There is nothing like meeting poverty, needs and resilience in the face to spur you on and nothing like the feeling of actually being able to do something about them, to give your life its real meaning. My name is Annie O’Connor, the founder of the kanga project, a registered UK charity (1119375). My story is not much different from those of the people who started the many small charities in the UK that are helping small communities or even just schools in Africa but I hope it inspires you to join me. I certainly could do with some help.
I have been “in love with Africa and its people” since an incident that happened when I was about 8 or 9 years old in the early 1960′s. My sister, who had recently started secondary school came home one day with a letter, photo and a bag of coffee beans that had been sent to her by her new penpal from the Ivory Coast. I must explain that I was born in France and that the Ivory Coast, a French colony had just become independent and that it had become fashionable to have an African penpal. The picture was passed around and it showed a family in magnificent traditional dress posing in a photographic studio; I can still see it in my head.
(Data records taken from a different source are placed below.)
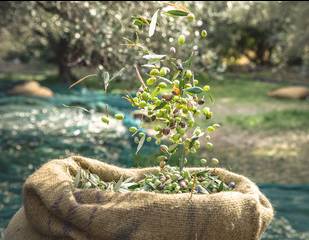 oliveharvest-e1612344065193.jpg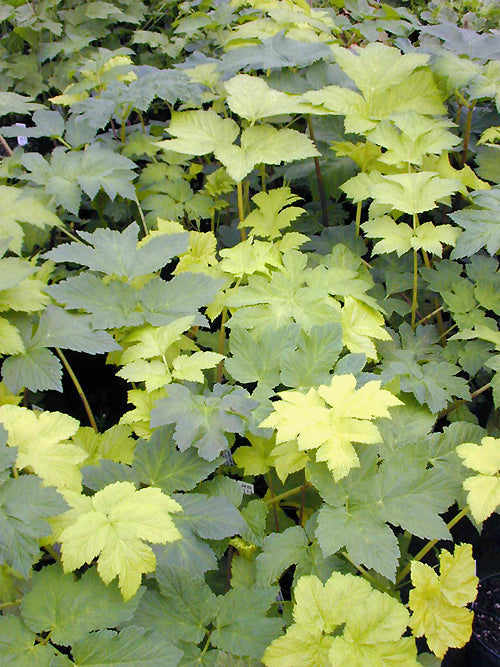 HERACLEUM LANATUM 'WASHINGTON LIMES'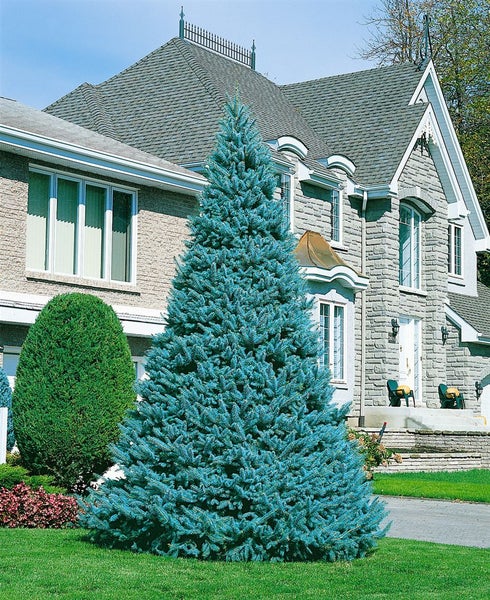 Blaufichte vor einem Haus mit Steinfassade.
But that is not why I fell in love with Africa. I fell in love with Africa and especially its people because of the reaction of my family to the picture. I am ashamed to say that they all had a good laugh. May be it was not malicious, may be it was just ignorance, after all it was the 1960′s (and I do know their attitude has changed) but to me, even then, it was an insult. Since then I have been “on their side”, interested in their struggles and dreaming to visit one day. Unfortunately life has a habit of getting in the way of dreams and it was not until 2004 that I realised it.
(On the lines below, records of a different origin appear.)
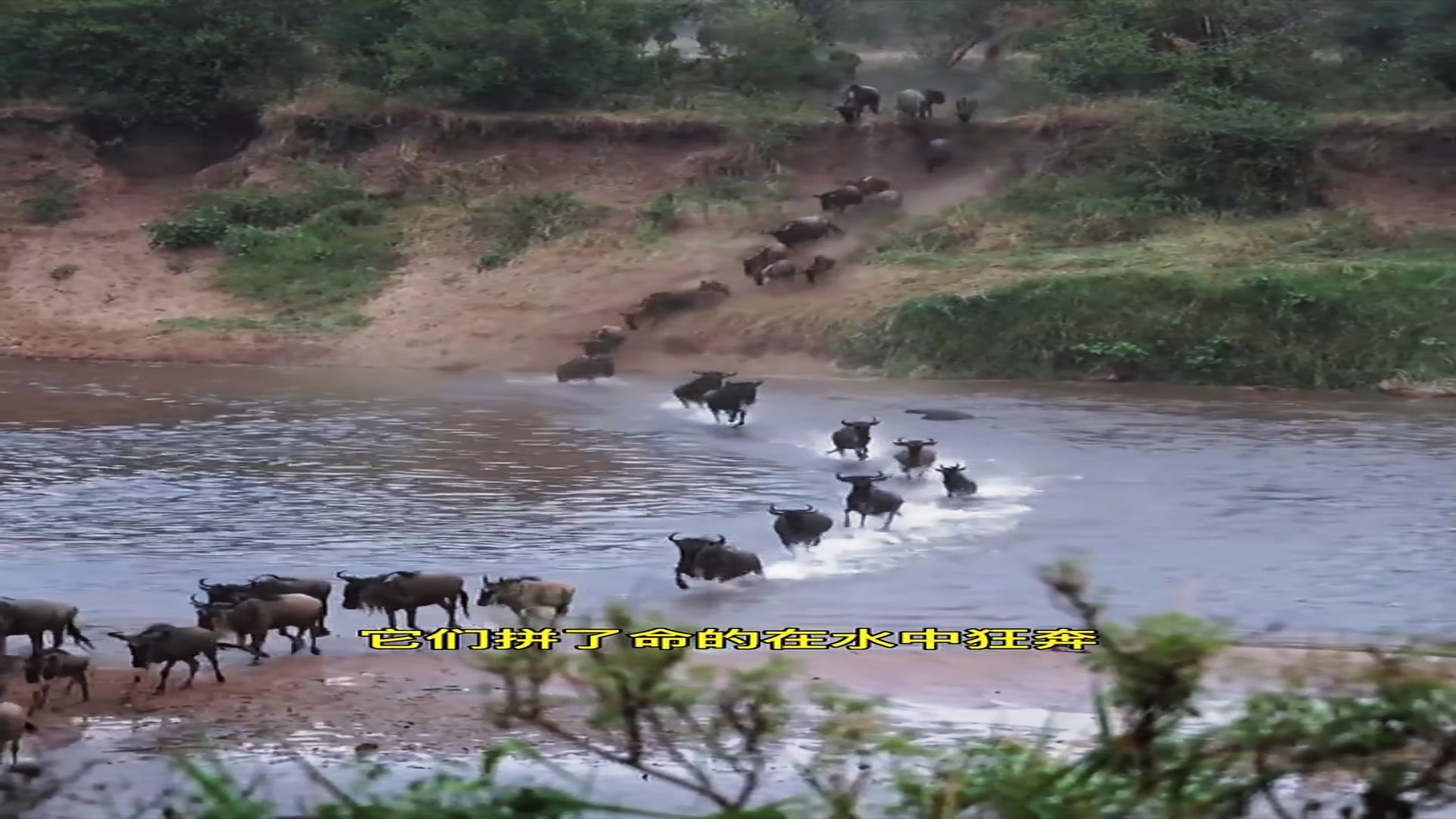 角马正在迁徙过河，结果遭到鳄鱼的袭击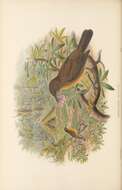 Image of Vogelkop Bowerbird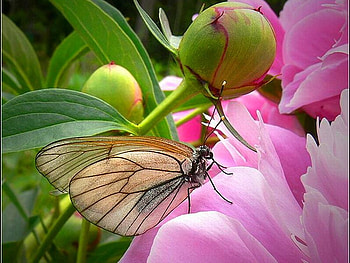 Butterfly on Flower, beautiful, butterfly, , flower HD wallpaper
By then I had moved and settled in the UK, married, had two daughters, divorced and between bringing up young children and working full time, life had taken on a boring regularity. In my mid 40′s, I read a book by Dervla Murphy called “In Ethiopia with a mule” and the stirring to travel resurfaced, (I have since then read nearly all of her fascinating books). As the girls were needing me less and less I started to think of studying again, hoping that I could move into the world of aid agencies as my interest in issues of development and in particular in relation to Africa was no longer just that, I wanted to know more and do more. I enrolled with the Open University for a degree in International Studies that was to take 6 years as I was doing it part time. By the end of year 3, I put my name down for voluntary redundancy and a dear colleague said. “Now you can take that trip to Africa and see what it’s really like”, “you’ve bored us enough with it” she added laughing. Within days I had booked myself on a volunteer trip of 6 weeks, destination Tanzania. Well, you didn’t think I’d go in a 4* hotel on a white sandy beach in Kenya did you? I wanted to see the real Africa. I knew it was going to change my life and I was prepared for that, but I did not think it would happen so quickly, and I certainly had not banked on meeting the charismatic Gloria Nkungu…….
Gloria, a single mother of two who teaches English in a primary school was then teaching Swahili to foreigners. She was also studying Internal Relations and Public Administration at the University of Dar Es Salaam. Then, in her late 30′s she had developed an interest in Political Science and as part of her studies she had spent time working at the Department of Poverty Eradication Unit in Dar Es Salaam. This experience had widened her insight into policies that are concerned with poverty and the means of developing, monitoring and evaluating these policies. We seemed to have a lot in common; single mothers, late students and a deep wish to make a difference; we even share the same birth sign. Gloria wanted to help rural women because she felt they were the ones with the least choices and the hardest lives. I had seen old women scavenging for seeds and roots, I had seen a woman, helpless to help her very sick child, I had seen the despair in their eyes; but I had also seen their strength, generosity, curiosity and resilience. So I did not need much convincing
“African educated women should aspire to initiate more support to alter the difficult situation of the poor women in their communities and beyond. When I look at the people around me I see an intelligent, hard-working, warm community that deserves the chance to find a way out of poverty. Many of the women in Tanzania are living on less than one dollar a day, working every daylight hour in an attempt to house, feed and clothe their children. I want to find a way for these women to develop into the successes they could be. I believe that many of the problems Tanzanian women face are due to a lack of education and little understanding of how they can develop themselves and their businesses and so improve their quality of life.” The seeds were sown that October 2004.
“I’ll see what I can do” were my last words to Gloria before returning to the UK. Within a few months Gloria had set up an organisation, the Rural Women Development Association (RWDA) and, in between work, family and finishing our degrees we managed to get started. In 2007 I ran out of friends, acquaintances and family arms I could squeeze and so I registered a charity to help me with raising funds. I don’t know if you’d agree but I thought that calling it Rural Women Development Association too would have been too much of a mouthful. So I settled for the kanga project as I also wanted our new charity to be a celebration of African Women’s uncrushable hope for the future and of their ingenious resourcefulness in the face of seemingly insurmontable problems. They constantly strive at becoming more independent, more skilled, more knowledgeable and that drive is only matched by their huge capacity to love, to laugh, to be beautiful, drapped in their vibrant traditional kangas. From the simply wrapped up versions to the tailored ones, kangas are the visual trademark of what it is to be an African woman and it seemed fit to make it our own trademark.